## Problem description
Lift out all lines below that contain "Brown".

____ Task input

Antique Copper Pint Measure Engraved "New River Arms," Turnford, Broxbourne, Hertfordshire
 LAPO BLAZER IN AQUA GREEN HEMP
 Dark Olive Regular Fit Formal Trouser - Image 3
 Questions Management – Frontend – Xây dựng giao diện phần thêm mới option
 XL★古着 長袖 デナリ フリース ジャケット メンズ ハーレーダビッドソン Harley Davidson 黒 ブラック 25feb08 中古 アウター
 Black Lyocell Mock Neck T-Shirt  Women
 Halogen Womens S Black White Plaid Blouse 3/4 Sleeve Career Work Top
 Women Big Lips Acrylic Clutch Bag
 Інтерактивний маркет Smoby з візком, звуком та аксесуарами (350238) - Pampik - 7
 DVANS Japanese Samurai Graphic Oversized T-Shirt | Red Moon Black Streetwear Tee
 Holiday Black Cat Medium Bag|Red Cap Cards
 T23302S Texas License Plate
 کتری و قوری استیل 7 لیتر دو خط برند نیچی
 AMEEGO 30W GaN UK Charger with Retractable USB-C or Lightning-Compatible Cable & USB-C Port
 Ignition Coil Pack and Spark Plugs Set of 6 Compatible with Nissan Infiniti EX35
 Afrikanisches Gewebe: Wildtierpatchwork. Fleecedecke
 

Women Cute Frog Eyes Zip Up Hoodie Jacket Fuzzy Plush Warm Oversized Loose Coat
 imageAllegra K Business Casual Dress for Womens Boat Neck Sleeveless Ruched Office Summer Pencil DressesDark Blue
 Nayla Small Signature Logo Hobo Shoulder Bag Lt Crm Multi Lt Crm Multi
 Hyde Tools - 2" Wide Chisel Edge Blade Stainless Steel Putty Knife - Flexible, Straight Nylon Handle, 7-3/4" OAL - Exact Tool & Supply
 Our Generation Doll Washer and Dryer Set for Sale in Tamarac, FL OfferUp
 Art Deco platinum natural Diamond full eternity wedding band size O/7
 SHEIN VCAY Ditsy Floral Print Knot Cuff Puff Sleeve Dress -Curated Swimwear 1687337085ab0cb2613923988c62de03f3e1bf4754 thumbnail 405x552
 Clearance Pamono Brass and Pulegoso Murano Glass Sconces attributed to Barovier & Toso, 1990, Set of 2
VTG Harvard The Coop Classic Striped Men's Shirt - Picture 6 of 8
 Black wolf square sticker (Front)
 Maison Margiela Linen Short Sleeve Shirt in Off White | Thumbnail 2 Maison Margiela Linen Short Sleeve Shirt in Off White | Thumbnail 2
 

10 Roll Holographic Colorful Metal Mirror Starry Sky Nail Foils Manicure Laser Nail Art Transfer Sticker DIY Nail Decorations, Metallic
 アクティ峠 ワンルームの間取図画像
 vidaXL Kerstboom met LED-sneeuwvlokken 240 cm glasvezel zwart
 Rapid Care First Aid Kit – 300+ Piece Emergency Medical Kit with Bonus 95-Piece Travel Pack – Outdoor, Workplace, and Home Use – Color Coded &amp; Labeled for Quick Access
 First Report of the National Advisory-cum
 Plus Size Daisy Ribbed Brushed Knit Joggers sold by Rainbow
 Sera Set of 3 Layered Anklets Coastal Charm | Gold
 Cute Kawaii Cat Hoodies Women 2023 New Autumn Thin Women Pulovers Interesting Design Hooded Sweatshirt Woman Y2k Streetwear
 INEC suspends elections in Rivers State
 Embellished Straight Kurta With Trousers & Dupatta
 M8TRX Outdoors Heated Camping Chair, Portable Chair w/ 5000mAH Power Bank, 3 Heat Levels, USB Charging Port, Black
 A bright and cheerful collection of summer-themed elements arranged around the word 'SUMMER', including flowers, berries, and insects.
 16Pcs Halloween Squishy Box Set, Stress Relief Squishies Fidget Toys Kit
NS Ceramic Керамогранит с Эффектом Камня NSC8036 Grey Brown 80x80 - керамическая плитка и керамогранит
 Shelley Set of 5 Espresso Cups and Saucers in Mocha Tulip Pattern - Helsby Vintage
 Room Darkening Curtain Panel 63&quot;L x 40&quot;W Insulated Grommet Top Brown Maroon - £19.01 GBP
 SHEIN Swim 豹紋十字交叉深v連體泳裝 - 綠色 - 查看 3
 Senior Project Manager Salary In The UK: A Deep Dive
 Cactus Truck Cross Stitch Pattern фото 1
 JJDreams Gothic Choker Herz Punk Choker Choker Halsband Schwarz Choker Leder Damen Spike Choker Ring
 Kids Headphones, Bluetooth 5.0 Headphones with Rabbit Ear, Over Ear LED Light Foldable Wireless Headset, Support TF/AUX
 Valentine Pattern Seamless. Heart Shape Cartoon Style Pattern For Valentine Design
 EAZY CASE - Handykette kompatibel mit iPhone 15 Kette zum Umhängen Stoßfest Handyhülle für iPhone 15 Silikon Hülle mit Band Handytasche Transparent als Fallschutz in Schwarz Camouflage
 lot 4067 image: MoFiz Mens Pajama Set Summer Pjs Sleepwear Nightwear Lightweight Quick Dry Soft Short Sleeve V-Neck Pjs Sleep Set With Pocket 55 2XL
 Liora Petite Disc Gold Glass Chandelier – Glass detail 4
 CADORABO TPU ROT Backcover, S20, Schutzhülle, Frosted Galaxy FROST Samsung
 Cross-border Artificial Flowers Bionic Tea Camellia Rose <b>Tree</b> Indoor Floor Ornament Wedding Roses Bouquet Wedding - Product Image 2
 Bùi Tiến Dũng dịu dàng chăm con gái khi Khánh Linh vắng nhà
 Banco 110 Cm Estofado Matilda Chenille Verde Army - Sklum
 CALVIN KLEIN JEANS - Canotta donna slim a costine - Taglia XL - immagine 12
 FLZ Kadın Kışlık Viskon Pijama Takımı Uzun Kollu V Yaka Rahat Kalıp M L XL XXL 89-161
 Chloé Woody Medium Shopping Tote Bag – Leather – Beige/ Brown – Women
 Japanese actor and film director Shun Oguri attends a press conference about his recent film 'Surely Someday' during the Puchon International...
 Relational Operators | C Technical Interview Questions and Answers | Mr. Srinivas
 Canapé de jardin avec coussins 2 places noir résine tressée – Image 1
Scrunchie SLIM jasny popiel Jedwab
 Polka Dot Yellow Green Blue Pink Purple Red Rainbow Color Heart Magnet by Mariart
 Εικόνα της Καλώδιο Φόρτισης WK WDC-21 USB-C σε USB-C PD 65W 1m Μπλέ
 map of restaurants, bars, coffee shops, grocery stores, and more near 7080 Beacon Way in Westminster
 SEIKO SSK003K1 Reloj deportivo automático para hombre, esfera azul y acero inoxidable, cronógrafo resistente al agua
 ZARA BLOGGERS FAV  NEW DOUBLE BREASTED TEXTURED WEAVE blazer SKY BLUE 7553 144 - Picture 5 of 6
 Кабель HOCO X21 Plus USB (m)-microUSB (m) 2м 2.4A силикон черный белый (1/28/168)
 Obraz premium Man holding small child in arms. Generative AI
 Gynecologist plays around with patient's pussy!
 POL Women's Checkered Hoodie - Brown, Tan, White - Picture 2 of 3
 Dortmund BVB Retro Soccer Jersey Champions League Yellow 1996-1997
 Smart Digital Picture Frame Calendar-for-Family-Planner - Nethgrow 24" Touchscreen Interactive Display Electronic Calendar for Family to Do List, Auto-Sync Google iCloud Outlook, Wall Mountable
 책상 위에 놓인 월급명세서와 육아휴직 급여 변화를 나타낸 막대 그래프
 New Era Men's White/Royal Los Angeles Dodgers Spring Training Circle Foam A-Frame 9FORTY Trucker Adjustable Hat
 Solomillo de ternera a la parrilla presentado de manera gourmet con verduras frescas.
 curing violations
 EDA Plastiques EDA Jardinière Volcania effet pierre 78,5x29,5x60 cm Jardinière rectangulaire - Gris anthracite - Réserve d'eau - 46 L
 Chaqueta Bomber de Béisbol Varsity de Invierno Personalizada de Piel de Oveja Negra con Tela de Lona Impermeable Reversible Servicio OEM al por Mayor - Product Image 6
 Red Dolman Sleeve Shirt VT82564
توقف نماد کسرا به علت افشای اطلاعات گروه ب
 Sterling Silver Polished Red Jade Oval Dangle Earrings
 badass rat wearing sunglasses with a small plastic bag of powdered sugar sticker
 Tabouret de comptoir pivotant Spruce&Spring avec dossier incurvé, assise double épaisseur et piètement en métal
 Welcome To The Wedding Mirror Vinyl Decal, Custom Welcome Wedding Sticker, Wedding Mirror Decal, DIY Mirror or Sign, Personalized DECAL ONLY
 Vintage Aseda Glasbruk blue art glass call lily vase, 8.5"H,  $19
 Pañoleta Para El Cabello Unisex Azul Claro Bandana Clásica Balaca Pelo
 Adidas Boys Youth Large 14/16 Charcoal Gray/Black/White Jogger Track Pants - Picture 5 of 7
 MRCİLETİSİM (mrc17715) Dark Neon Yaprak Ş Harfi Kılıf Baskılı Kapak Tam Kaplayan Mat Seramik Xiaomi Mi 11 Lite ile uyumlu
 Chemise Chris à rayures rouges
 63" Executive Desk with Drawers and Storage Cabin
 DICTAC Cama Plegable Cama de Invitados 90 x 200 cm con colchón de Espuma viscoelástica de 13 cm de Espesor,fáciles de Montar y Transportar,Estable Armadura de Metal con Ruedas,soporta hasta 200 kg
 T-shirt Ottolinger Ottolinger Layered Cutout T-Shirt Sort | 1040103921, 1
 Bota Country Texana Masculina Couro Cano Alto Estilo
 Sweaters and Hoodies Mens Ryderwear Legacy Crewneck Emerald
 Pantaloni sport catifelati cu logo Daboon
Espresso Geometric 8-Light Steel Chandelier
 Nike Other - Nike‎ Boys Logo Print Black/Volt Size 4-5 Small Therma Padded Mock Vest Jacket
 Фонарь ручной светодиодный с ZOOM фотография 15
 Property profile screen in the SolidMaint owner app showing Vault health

________

## Reply to the task
NS Ceramic Керамогранит с Эффектом Камня NSC8036 Grey Brown 80x80 - керамическая плитка и керамогранит
 Room Darkening Curtain Panel 63&quot;L x 40&quot;W Insulated Grommet Top Brown Maroon - £19.01 GBP
 Chloé Woody Medium Shopping Tote Bag – Leather – Beige/ Brown – Women
 POL Women's Checkered Hoodie - Brown, Tan, White - Picture 2 of 3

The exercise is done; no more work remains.